UMMS Affiliation

RNA Therapeutics Institute

Publication Date

2019-06-21

Document Type

Article

Disciplines

Biochemistry | Molecular Biology | Structural Biology | Viruses

Abstract

Rotaviruses, like other non-enveloped, double-strand RNA viruses, package an RNA-dependent RNA polymerase (RdRp) with each duplex of their segmented genomes. Rotavirus cell entry results in loss of an outer protein layer and delivery into the cytosol of an intact, inner capsid particle (the "double-layer particle," or DLP). The RdRp, designated VP1, is active inside the DLP; each VP1 achieves many rounds of mRNA transcription from its associated genome segment. Previous work has shown that one VP1 molecule lies close to each 5-fold axis of the icosahedrally symmetric DLP, just beneath the inner surface of its protein shell, embedded in tightly packed RNA. We have determined a high-resolution structure for the rotavirus VP1 RdRp in situ, by local reconstruction of density around individual 5-fold positions. We have analyzed intact virions ("triple-layer particles"), non-transcribing DLPs and transcribing DLPs. Outer layer dissociation enables the DLP to synthesize RNA, in vitro as well as in vivo, but appears not to induce any detectable structural change in the RdRp. Addition of NTPs, Mg(2+), and S-adenosylmethionine, which allows active transcription, results in conformational rearrangements, in both VP1 and the DLP capsid shell protein, that allow a transcript to exit the polymerase and the particle. The position of VP1 (among the five symmetrically related alternatives) at one vertex does not correlate with its position at other vertices. This stochastic distribution of site occupancies limits long-range order in the 11-segment, double-strand RNA genome.

Keywords

RNA transcription, electron cryomicroscopy (cryo-EM), local reconstruction, non-enveloped virus, viral rna-dependent RNA polymerase

Rights and Permissions

© 2019 The Authors. Published by Elsevier Ltd.
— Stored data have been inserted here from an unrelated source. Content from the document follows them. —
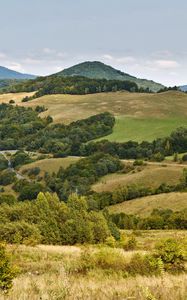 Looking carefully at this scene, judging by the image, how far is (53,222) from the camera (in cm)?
4647

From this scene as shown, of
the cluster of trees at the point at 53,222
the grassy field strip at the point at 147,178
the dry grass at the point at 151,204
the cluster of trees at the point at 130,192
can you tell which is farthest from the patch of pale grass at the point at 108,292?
the grassy field strip at the point at 147,178

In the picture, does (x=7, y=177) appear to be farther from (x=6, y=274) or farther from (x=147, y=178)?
(x=6, y=274)

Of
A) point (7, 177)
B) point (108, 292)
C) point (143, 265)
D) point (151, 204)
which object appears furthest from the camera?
point (7, 177)

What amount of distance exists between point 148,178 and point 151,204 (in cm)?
2236

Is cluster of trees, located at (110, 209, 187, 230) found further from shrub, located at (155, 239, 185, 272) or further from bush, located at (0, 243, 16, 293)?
bush, located at (0, 243, 16, 293)

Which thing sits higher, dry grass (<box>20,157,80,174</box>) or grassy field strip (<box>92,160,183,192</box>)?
grassy field strip (<box>92,160,183,192</box>)

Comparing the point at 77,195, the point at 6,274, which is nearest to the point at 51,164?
the point at 77,195

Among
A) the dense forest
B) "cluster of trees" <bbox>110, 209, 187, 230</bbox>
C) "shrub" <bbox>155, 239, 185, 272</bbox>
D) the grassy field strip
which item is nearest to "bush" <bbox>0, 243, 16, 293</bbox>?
"shrub" <bbox>155, 239, 185, 272</bbox>

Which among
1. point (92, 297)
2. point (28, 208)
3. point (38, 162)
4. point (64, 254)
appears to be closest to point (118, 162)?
point (38, 162)

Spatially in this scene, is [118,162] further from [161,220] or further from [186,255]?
[186,255]

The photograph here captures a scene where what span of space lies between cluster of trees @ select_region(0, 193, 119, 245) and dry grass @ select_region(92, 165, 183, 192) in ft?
254

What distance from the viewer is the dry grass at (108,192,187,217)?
105444 millimetres

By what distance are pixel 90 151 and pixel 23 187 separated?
44.9 m

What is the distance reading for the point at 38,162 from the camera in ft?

This is an open access article under the CC BY-NC-ND license(http://creativecommons.org/licenses/by-nc-nd/4.0/).

DOI of Published Version

10.1016/j.jmb.2019.06.016

Source

J Mol Biol. 2019 Jun 21. pii: S0022-2836(19)30401-2. doi: 10.1016/j.jmb.2019.06.016. [Epub ahead of print] Link to article on publisher's site

Journal/Book/Conference Title

Journal of molecular biology

Related Resources

Link to Article in PubMed

PubMed ID

31233764

Creative Commons License

Creative Commons Attribution-Noncommercial-No Derivative Works 4.0 License
This work is licensed under a Creative Commons Attribution-Noncommercial-No Derivative Works 4.0 License.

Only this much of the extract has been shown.